Copy exactly the lines of the records below, and only those lines, beginning with the line that contains "100th Bug Brigade" and ending with the line that contains "Images for Dentons".

Supplied entries:
____

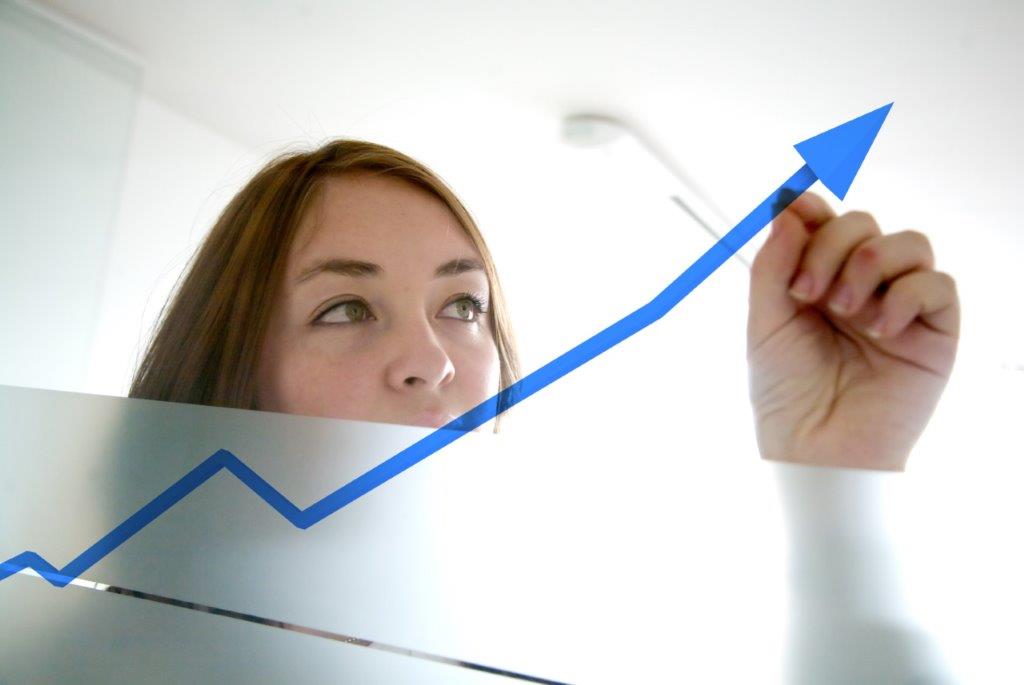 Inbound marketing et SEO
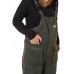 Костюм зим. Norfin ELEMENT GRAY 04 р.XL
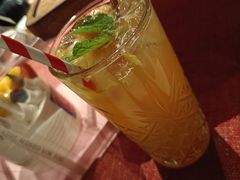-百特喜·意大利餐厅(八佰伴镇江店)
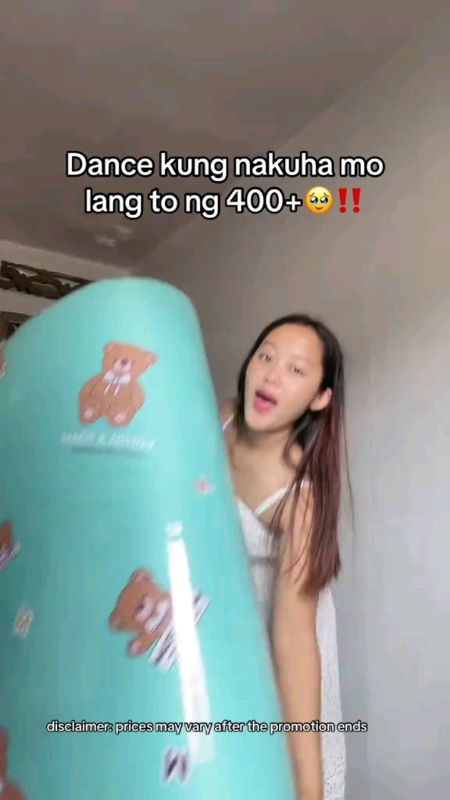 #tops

____

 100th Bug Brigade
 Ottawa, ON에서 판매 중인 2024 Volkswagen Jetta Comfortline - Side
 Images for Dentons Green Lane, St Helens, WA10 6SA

____

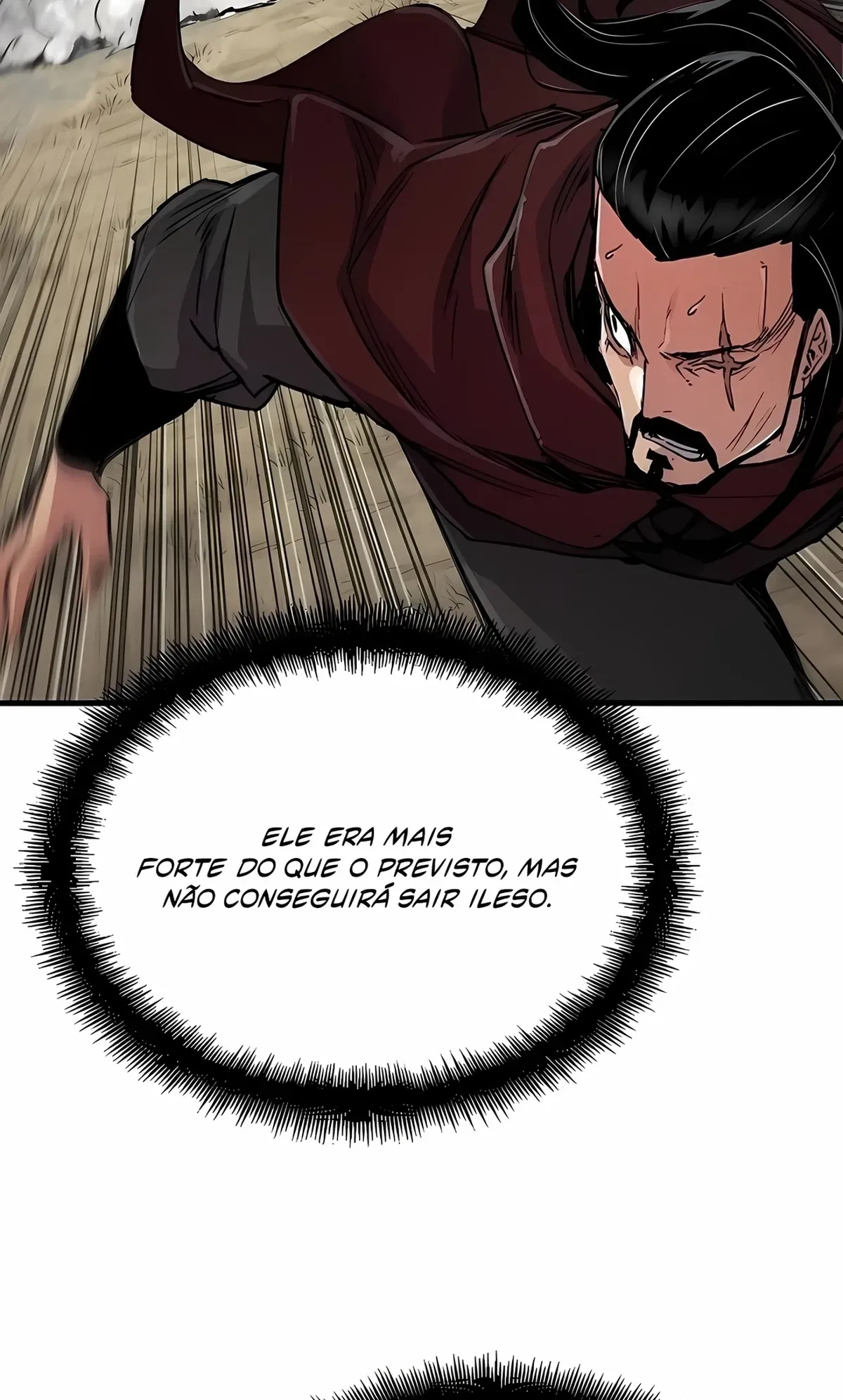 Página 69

____

Completed task:
 100th Bug Brigade
 Ottawa, ON에서 판매 중인 2024 Volkswagen Jetta Comfortline - Side
 Images for Dentons Green Lane, St Helens, WA10 6SA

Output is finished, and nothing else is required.